The school voucher program in the District of Columbia has been foisted on us by Congress. It was not voted on by District residents and the DC Council has not voted for this program. It is a prime example of interference in the government of the District by the Congress and an outrageous violation of the principle of home rule. It is frustrating to see Mayor Bowser support this voucher program. Her support undercuts her opposition to other issues in which Congress is interfering in our government such as their opposition to our marijuana laws, gun control laws and the recent ‘right to die’ legislation. The Mayor and others including the Washington Post and former Mayor Anthony Williams who support Congress’s interference on vouchers are hurting the District’s fight for legislative and budget autonomy and in the long run Statehood. There is clear hypocrisy in their positions. Anthony Williams even followed up his support for vouchers with a quid-pro-quo which had him giving support to Trump’s choice for Secretary of Education, Betsy DeVos, the most unprepared person ever nominated to the position.

Then there is the issue of what kind of education vouchers provide to those students using them. There is no legitimate study showing students using vouchers for private education do any better in math and reading than their peers remaining in public education. In fact the opposite is true in some instances. A recent report by Brookings showed “Recent research on statewide voucher programs in Louisiana and Indiana has found that public school students that received vouchers to attend private schools subsequently scored lower on reading and math tests compared to similar students that remained in public schools.”
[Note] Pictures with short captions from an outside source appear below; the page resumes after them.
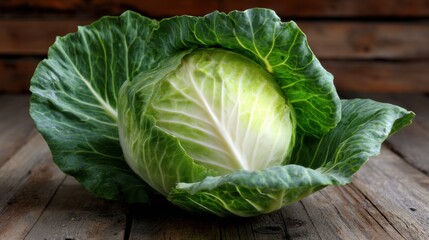 Poster - Cabbage Head With Vibrant Outer Leaves Resting on a Wooden Table Surface at a Cozy Kitchen Setting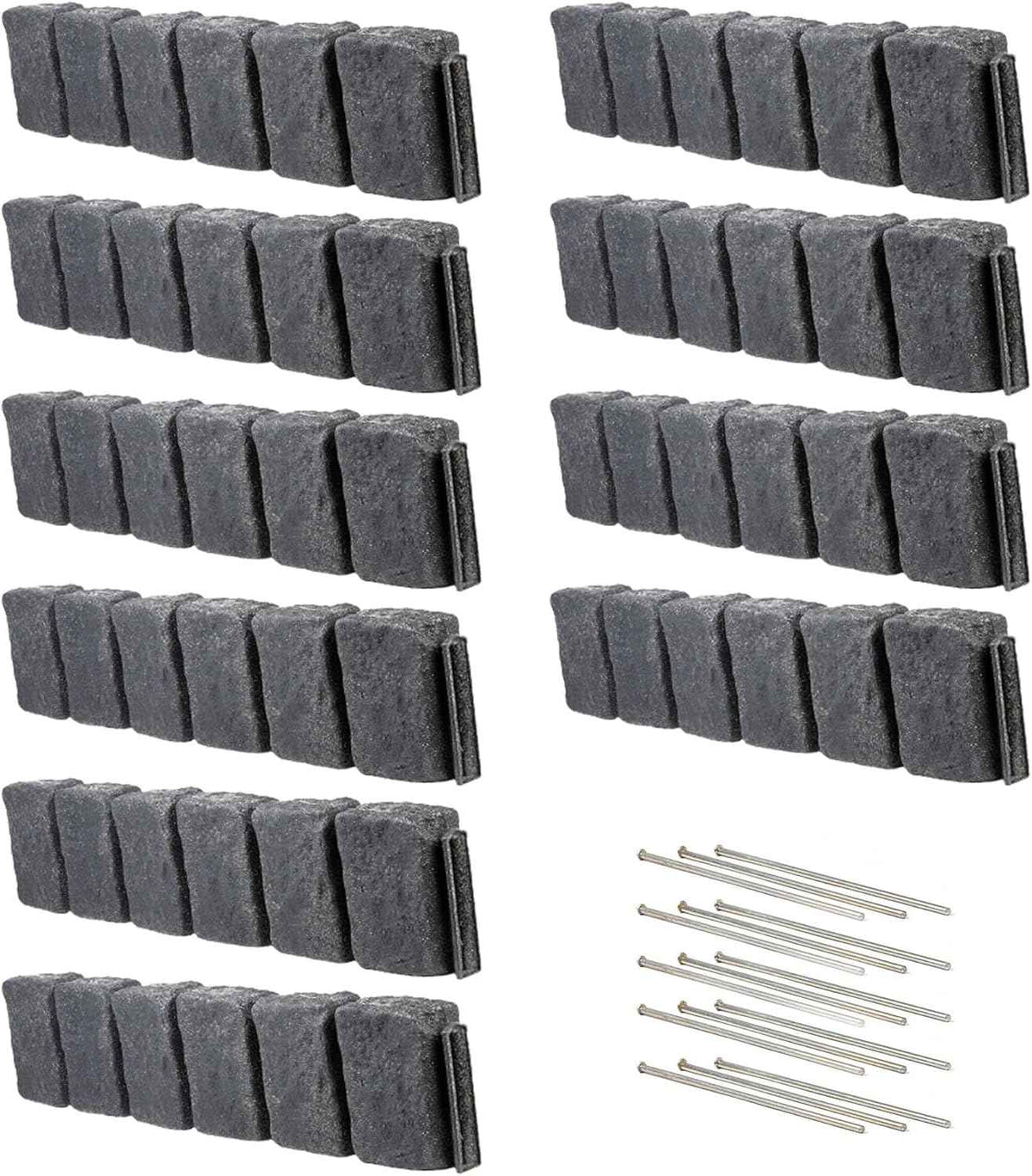 Beuta Landscape Edging | Garden Edging Border | Faux Stone Block XL for Lawn Edging, Flower Beds & Yard Edging – 10 Pack | Each Section Has 6 Blocks 48" L x 4" W x 9.5" H | 30 Spikes | Charcoal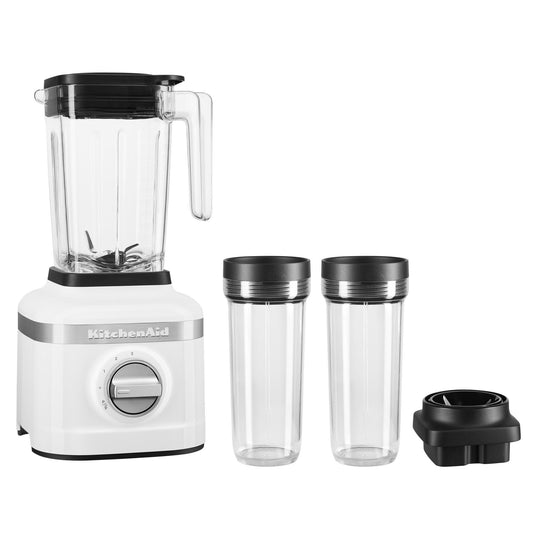 Open Box KitchenAid K150 3 Speed Ice Crushing Blender with 2 Personal Blender Jars, White, KSB1332Y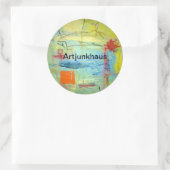 Sticker Rond Joyeux visage triste Abstrait Jeff Hankamer Artjun (Sac)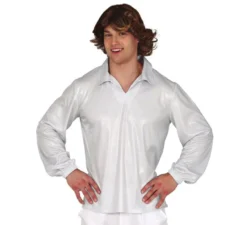 Camicia da discoteca argento per uomo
Then there is the issue of discrimination against LGBT students, parents and teachers in schools who accept vouchers and most of the schools who do are religious schools. In most states including in the District of Columbia these institutions are exempt from laws such as the District’s Human Rights Act. Many of these institutions can and do discriminate against LGBT teachers, parents and students. In 2012 the Washington Post reported “more than half of voucher recipients attended Catholic schools, and many attended schools where almost all students were voucher recipients, suggesting that the schools wouldn’t exist without the federally funded program. They added “One of those schools was run out of a soot-stained storefront on Georgia Avenue; another unaccredited school was supported by the Nation of Islam and was run out of a row house in Deanwood where the bathroom had a floor blackened with dirt, a sink coated in grime and a bathtub filled with paint cans and cleaning supplies.”

Our Democracy is based on providing a public education to every child and instead of steering money and children out of the public school system we must use every dollar available to improve public education.

Any proponent of choice recognizes the District of Columbia has one of the best school choice programs in the nation. While DCPS has been improving over the past few years we also have nearly half of our students attending charter schools which are also public schools and funded with tax dollars. I give credit to Mayor Bowser for continuing to demand improvement in every school for every student. However she should also be demanding of Congress that every dollar allocated to the District of Columbia for education be allocated to public schools and help in her effort to improve schools for children in every Ward in the city.

While some studies show the graduation rates for children using vouchers is higher no one has shown that those same students wouldn’t be graduating at the same rate from public schools. Clearly they come from homes where parents are focused on their education and that focus could and should be used to improve the public schools when using public money.

Credit goes to Councilmembers’ Grosso, Allen, Bonds, Evans, Gray, Silverman and Trayon White for fighting to end the congressionally mandated DC Voucher Program. We can't on one hand demand statehood and explain how we are hurt by not having it while on the other hand accepting some programs Congress couldn't and wouldn't foist on their own constituents. We shouldn’t accept being a petri dish for some programs. Doing so makes zero sense for the future of the District.